Sorry for not writing for a while, but I have been touring a lot in the last week promoting Anything for a Vote. Or at least taking the modern-day author's version of a tour--sitting in my bathrobe in my ancient desk chair up in my attic study talking to radio stations on the phone. Perhaps 50 in all, and my voice, a hoarse rasp, now reflects it.
But there is something wonderful about what they call a "Satellite Media Tour." Put on hold and inevitably listening to the local news for about a minute before talking to the host, one gets the sense of skimming across the country, just below the cloud cover. You hear about snow closings in New England, traffic snarls in New York, county road construction in Iowa, pouring rain in Portland. Of course, the commercials--there was Planned Parenthood in the east, Bible Belt church announcements in the West. Plus a lot of pitches for home real estate seminars, debt management, used cars, telephone sales--harbingers, perhaps, of a reeling economy.
Coming into the actual talk program there is usually a blast of rock music, a whoosh as if an airplane engine is taking off. On the more conservative stations, a particularly popular sound effect this week has been the clip of Hillary laughing, echoing endlessly, like The Wicked Witch of the West. But the hosts, whether liberal or conservative or ideologically neutral (at least professionally) were unfailingly interested and courteous, except for one national Fox radio personality whose name rhymes with "sow" and who acted like it (sorry, don't mean to insult pigs). And I had one poor host in Indiana who was horrified to learn that Davy Crockett was anything but a frontier hero of epic proportions (Davy was the Congressmen who, in 1836, infamously claimed that Martin Van Buren wore women's clothes).
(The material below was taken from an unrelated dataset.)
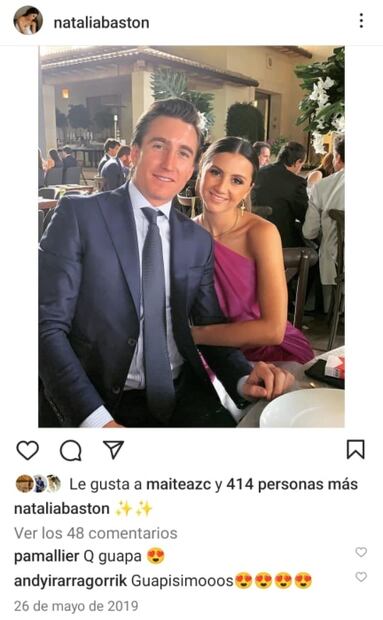Natalia Bastón y su esposo José María Eugui / Instagram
But Super Tuesday had callers and hosts incredibly excited -- I have never seen so much interest in an American election campaign. Will Obama and Hillary destroy each other in their quest for victory? (There seems to be a longing in some liberal circles that the two, like squabbling spouses, unite and form one team, although there is little consensus on who would be Pres, who Vice-Pres.) Will John McCain, especially now that Mitt Romney has dropped out and Mike Huckabee made an unexpectedly strong showing, be able to placate the conservative wing of the party? On one station there was speculation about a third party run within the GOP, which caused me to relate an anecdote from 1912. Then, Teddy Roosevelt's Bull Moose candidacy split the Republican party in two, leading one Republican to quip: "The only question is, which corpse gets the flowers." (Woodrow Wilson's Democrats, naturally, won over a divided GOP.)
Back from radio tour of the country, I can only say that we've never seen an election like this one. There is so much more to come.